TerraGen: A Unified Multi-Task Layout Generation Framework for Remote Sensing Data Augmentation
This addresses the need for spatially controllable data augmentation for multiple remote sensing vision tasks, though it is incremental as it builds on existing layout-to-image methods.
The paper tackles the problem of task-isolated generative data augmentation in remote sensing by proposing TerraGen, a unified layout-to-image framework that achieves the best generation quality across diverse tasks and significantly enhances downstream performance in both full-data and few-shot scenarios.
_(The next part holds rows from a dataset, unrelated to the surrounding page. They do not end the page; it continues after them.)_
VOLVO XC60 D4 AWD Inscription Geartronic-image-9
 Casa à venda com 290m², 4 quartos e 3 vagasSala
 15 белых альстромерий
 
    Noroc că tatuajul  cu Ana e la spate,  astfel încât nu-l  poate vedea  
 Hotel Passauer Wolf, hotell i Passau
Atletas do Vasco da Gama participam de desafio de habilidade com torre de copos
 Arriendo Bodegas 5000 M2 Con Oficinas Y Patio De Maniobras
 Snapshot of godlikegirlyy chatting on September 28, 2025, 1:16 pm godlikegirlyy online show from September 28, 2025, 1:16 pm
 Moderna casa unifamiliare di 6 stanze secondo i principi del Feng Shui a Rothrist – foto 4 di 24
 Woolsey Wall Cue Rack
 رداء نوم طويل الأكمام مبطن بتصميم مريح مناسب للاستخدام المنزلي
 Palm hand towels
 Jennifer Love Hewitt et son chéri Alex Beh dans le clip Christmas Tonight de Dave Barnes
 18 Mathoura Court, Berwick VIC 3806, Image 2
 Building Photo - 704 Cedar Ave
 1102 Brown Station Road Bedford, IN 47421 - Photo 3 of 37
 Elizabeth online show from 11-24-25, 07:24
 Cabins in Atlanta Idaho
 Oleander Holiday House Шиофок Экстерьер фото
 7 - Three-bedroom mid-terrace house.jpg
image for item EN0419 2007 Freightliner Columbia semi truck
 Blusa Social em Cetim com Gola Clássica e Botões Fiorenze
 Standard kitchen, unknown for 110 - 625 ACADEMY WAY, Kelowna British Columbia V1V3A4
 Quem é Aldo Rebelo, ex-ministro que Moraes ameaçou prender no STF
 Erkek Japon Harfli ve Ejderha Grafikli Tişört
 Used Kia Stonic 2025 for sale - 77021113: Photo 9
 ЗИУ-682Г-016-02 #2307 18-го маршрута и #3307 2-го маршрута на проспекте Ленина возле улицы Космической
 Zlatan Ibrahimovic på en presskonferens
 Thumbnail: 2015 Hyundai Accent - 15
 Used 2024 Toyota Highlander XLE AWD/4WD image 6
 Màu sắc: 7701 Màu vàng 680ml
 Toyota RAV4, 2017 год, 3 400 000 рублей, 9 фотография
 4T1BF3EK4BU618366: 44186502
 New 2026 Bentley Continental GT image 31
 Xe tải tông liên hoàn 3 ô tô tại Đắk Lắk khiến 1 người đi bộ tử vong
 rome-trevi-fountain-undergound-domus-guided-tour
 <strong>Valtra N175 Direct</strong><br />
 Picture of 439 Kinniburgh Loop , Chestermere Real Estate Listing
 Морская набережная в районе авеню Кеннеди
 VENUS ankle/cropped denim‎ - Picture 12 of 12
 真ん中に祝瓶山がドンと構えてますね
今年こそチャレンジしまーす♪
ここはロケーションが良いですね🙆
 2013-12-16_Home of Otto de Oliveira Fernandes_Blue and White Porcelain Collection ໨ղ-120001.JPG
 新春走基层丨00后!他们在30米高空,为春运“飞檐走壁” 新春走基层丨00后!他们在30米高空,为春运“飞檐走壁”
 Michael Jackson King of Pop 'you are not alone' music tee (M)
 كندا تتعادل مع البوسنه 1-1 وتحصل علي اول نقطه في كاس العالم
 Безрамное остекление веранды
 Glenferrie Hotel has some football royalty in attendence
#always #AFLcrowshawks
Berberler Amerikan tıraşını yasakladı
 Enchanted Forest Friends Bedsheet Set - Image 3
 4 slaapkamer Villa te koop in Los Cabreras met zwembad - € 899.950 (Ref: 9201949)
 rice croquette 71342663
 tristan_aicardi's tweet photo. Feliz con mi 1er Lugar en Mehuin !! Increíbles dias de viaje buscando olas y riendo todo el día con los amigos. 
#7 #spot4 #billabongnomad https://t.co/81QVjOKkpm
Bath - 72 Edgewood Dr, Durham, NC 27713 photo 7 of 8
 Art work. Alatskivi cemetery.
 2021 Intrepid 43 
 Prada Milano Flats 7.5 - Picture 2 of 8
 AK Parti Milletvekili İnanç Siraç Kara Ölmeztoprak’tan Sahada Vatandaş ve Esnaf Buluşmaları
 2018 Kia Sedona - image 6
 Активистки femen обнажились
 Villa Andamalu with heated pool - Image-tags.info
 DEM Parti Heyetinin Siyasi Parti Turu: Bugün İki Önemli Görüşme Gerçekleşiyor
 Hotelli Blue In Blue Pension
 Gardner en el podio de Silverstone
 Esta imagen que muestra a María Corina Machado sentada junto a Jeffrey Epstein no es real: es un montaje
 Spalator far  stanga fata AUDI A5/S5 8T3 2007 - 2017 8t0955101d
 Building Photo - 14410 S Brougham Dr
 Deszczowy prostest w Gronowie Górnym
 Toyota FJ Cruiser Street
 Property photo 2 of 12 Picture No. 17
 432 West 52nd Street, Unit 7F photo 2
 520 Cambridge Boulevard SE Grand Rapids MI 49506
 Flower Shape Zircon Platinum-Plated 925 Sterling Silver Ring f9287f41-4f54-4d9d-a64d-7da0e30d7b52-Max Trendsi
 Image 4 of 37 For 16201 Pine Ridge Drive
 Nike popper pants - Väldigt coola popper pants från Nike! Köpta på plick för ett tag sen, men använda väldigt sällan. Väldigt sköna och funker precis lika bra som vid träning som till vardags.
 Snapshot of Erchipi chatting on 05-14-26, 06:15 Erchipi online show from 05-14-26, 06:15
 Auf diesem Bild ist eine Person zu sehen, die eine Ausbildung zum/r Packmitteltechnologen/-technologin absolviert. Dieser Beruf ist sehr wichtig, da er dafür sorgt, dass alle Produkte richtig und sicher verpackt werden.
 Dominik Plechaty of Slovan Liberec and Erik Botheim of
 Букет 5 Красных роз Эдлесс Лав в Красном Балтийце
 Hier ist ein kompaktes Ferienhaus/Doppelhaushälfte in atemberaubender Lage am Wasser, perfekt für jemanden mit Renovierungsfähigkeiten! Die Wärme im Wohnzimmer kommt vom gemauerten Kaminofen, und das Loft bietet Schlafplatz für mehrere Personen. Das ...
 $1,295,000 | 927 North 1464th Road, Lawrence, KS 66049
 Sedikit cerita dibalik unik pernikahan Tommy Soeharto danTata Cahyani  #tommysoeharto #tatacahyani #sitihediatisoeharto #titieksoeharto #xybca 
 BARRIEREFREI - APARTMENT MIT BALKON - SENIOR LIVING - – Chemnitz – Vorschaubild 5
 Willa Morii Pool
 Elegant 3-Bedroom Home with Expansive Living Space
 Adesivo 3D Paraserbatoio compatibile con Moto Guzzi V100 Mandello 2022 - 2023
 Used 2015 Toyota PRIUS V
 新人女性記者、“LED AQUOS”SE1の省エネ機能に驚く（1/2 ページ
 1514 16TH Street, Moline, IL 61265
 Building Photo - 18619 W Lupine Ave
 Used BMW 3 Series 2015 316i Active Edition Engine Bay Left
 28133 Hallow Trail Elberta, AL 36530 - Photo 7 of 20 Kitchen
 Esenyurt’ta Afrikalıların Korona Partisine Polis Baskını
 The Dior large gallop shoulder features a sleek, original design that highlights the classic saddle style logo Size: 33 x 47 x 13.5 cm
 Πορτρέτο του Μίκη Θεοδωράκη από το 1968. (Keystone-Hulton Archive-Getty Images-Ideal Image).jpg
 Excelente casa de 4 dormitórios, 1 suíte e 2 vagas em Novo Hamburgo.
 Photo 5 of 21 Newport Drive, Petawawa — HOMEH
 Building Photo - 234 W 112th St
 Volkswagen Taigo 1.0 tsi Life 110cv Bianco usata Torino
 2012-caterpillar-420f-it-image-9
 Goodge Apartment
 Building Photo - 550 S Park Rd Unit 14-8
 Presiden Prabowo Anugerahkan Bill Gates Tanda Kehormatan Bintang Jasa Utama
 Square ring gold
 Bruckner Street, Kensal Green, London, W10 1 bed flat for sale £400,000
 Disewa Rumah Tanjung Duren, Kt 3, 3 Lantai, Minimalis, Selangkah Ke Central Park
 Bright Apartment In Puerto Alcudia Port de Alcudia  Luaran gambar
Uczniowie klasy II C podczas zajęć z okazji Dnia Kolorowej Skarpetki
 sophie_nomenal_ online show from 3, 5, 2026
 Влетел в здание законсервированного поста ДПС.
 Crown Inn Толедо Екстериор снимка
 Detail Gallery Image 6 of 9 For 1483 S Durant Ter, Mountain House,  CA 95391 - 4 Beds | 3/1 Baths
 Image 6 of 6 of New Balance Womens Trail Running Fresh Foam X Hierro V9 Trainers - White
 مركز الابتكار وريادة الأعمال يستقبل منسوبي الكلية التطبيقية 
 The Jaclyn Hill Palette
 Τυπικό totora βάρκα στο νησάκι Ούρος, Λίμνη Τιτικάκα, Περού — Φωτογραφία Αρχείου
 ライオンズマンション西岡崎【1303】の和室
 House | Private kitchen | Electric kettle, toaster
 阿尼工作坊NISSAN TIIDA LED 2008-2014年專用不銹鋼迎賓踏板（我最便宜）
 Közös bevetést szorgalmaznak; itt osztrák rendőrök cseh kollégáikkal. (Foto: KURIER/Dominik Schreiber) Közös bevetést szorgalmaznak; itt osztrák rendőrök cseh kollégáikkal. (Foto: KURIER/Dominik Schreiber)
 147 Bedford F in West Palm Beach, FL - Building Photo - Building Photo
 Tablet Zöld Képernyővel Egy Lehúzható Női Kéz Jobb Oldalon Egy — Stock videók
Remote sensing vision tasks require extensive labeled data across multiple, interconnected domains. However, current generative data augmentation frameworks are task-isolated, i.e., each vision task requires training an independent generative model, and ignores the modeling of geographical information and spatial constraints. To address these issues, we propose \textbf{TerraGen}, a unified layout-to-image generation framework that enables flexible, spatially controllable synthesis of remote sensing imagery for various high-level vision tasks, e.g., detection, segmentation, and extraction. Specifically, TerraGen introduces a geographic-spatial layout encoder that unifies bounding box and segmentation mask inputs, combined with a multi-scale injection scheme and mask-weighted loss to explicitly encode spatial constraints, from global structures to fine details. Also, we construct the first large-scale multi-task remote sensing layout generation dataset containing 45k images and establish a standardized evaluation protocol for this task. Experimental results show that our TerraGen can achieve the best generation image quality across diverse tasks. Additionally, TerraGen can be used as a universal data-augmentation generator, enhancing downstream task performance significantly and demonstrating robust cross-task generalisation in both full-data and few-shot scenarios.